Bedtime and Nap Routines


When we opened up voting on our Facebook page for our next big blog, we were a bit (pleasantly) surprised to see Pre Sleep Routines emerge as the winner! Pre Sleep Routines are a hugely important element of successful sleep improvements and training but we find in consults, it’s often a topic parents want to spend little time talking about. So, nicely done Facebook voters – you picked a great blog subject!

What is a Pre Sleep Routine and Why Do It?

In a nutshell, it’s a predictable series of steps with the purpose of (1) cuing your baby that it’s going to be time for sleep and (2) giving your baby some wind down time to transition into the soothing tools he’ll need to fall asleep (namely slowing breathing and body movements, and perhaps some other self soothing techniques like sucking thumb or pacifier, holding a lovey (older babies), etc). Pre Sleep Routines should be done before naps and before bedtime as well.

A recent study of over 10,000 children around-the-world found that children who have a regular bedtime routine have an earlier bedtime, fall asleep faster, and parents report that they sleep better compared with children who don’t have a routine (Mindell and Colleagues, 2015). Babies and toddlers do well with routines and predictability. Bedtime routines in particular will help your baby or toddler understand what you would like to have happen next… sleep! We aren’t suggesting you be inflexible or rigid each night or that you can’t have “off” nights from time to time, but as a general rule and ESPECIALLY if you are going to be starting some some sleep training, regularity and a predictable bedtime routine is key.


Age to Begin:

Start early! Around the onset of social smiling and reduction in nighttime BMs, comes an earlier drift in bedtime and a more predictable long stretch of sleep in the beginning of the night. This change often begins between the 7th and 9th week (from due date) and is the time to start your baby’s bedtime routine. As your baby’s bedtime drifts earlier and becomes more predictable during the first three months of life, you can use your pre sleep cues to help drive this change.

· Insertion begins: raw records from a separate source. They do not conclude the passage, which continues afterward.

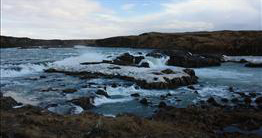 Urriðafoss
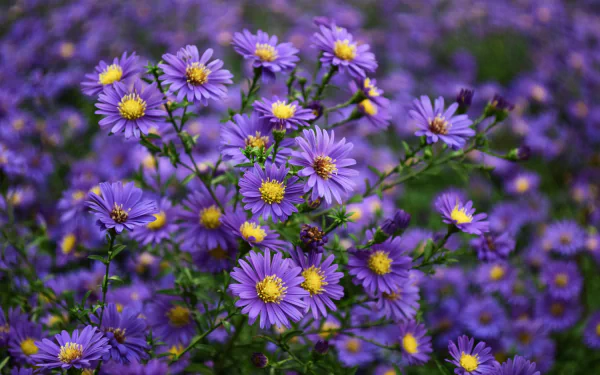 purple flower nature flower HD Desktop Wallpaper | Background Image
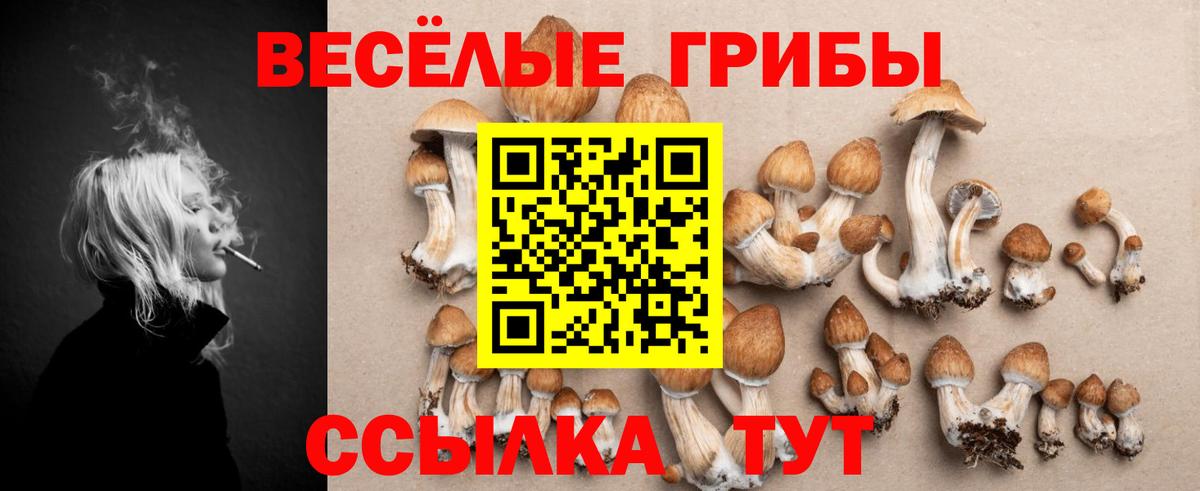 Псилоцибиновые грибы мицелий Южно-Сахалинск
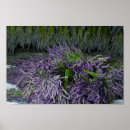 Search for bundle posters Flower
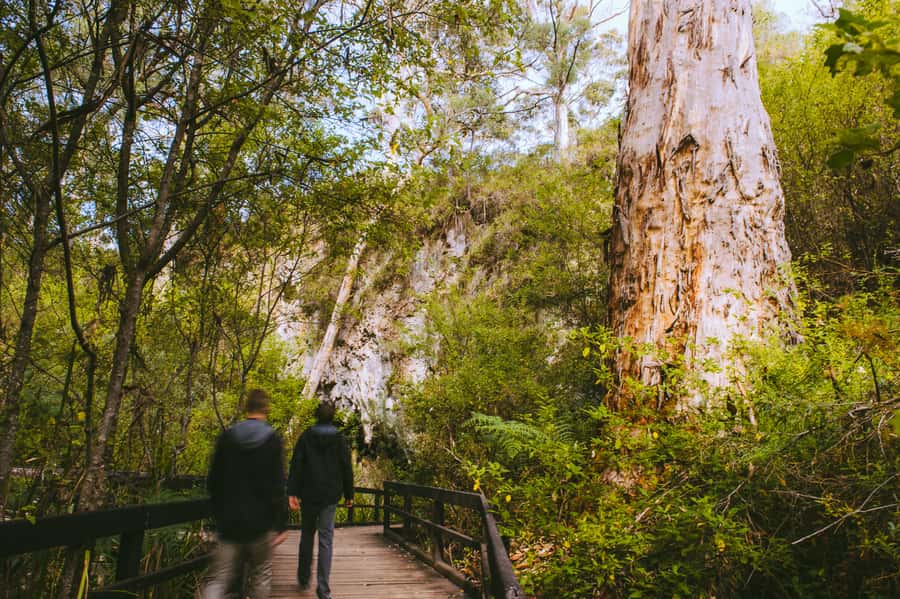 Margaret River: Self-Guided Audio Tour of Mammoth Cave - Finishing through Marri forest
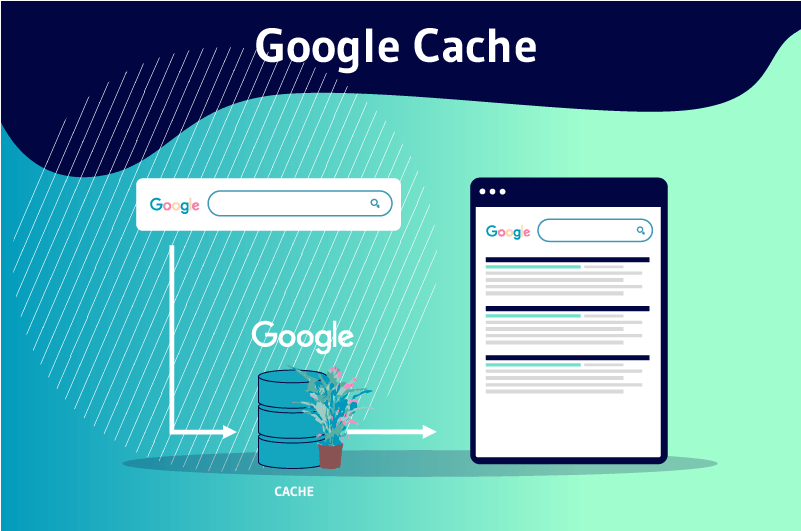 Temporary Google Cache - Seahawk Temporary Google Cache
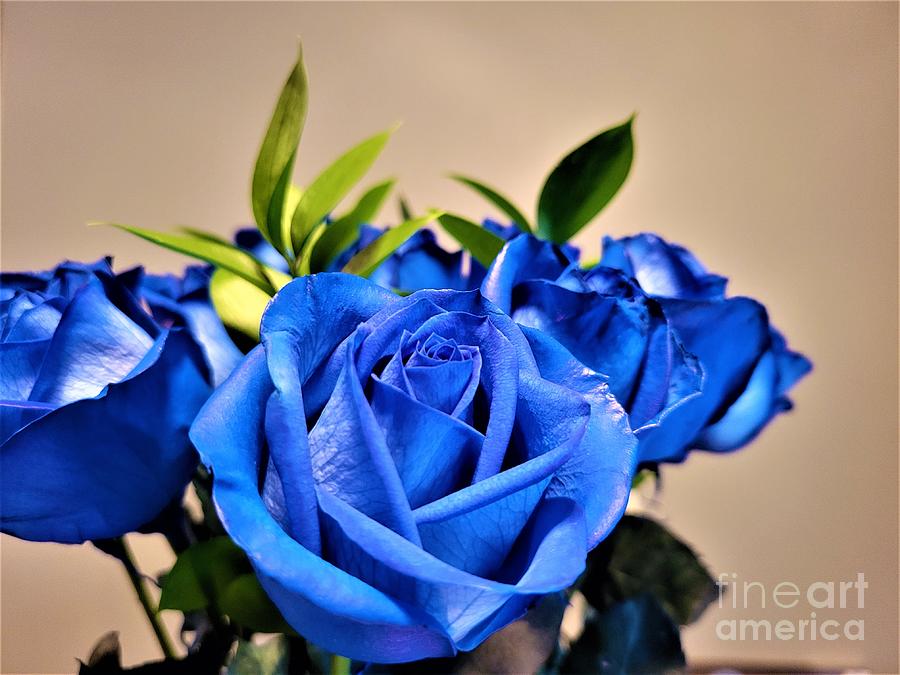 Blue Roses Photograph by Jimmy Clark
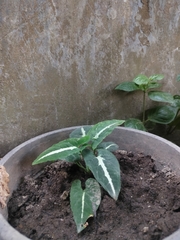 Syngonium wendlandii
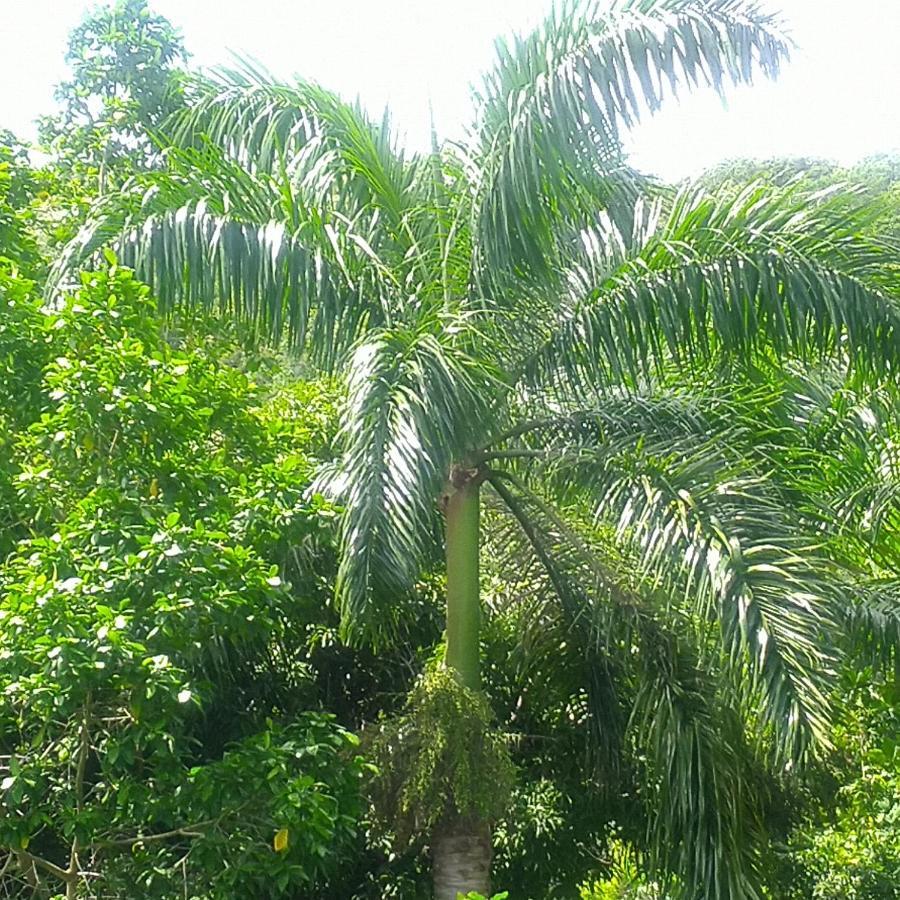 Tha Lagoon Spot Port Antonio Luaran gambar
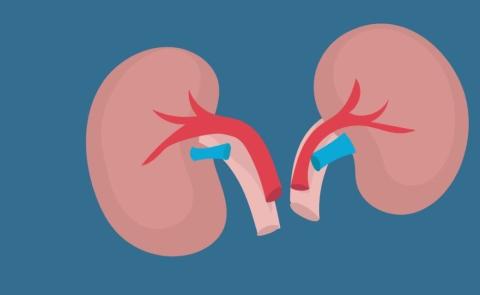 Nieren geïllustreerd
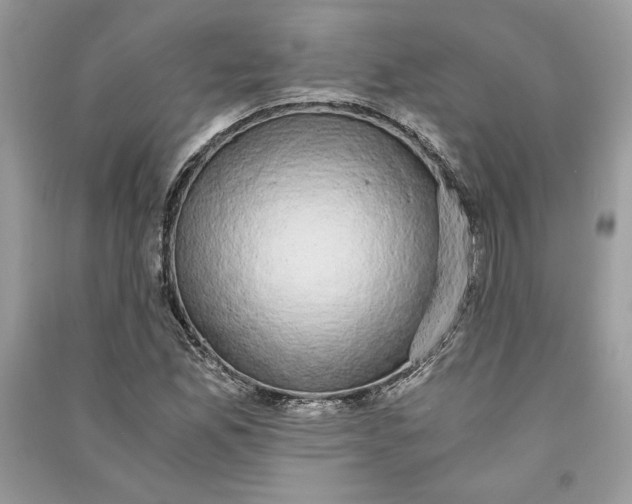X0000090701165200708101435
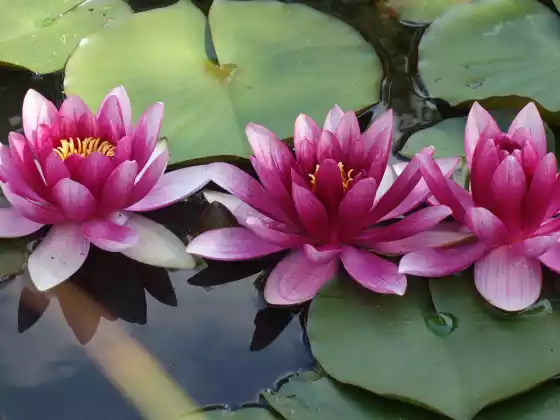 Water Element Yin Yoga - Slow Healing Yoga for All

Naps at this young age are likely still too unpredictable for a regular pre sleep routine, so you’ll start with bedtime first and do the best you can with some pre sleep cues during the day. As each nap develops with more predictability (see our age by stage sleep expectations chart) you can add more structured pre sleep routines before each daytime sleep episode.

Evening Routine vs Bedtime Routine

People often mistake their evening routine for their bedtime routine and then get bogged down by its length. Predictability IS a good idea with babies and especially toddlers so having a general flow to your evening may be helpful. Maybe your child eats dinner, has a bath and some quiet play or activities before a last feeding, brushing teeth and songs or stories. We would consider the dinner, bath and quiet play to be your evening routine, rather than bedtime routine. Evening routines may vary a bit. If your baby has a diaper blow out or your toddler splashes in a mud puddle or gets filthy in the garden like our kids do, bath time might come early on any given night! During the evening routine you may Skype with a grandparent, have an impromptu visit from a neighbor, or a school activity for an older child. In other words – the evening routine, although regular, may vary a little night to night and that’s okay! The pre sleep routine, on the other hand, is more sacred. It usually lasts about 15 – 30 minutes at night, and 5-15 minutes during the day. We prefer you prioritize this time and ignore the doorbell, phone, etc as much as possible.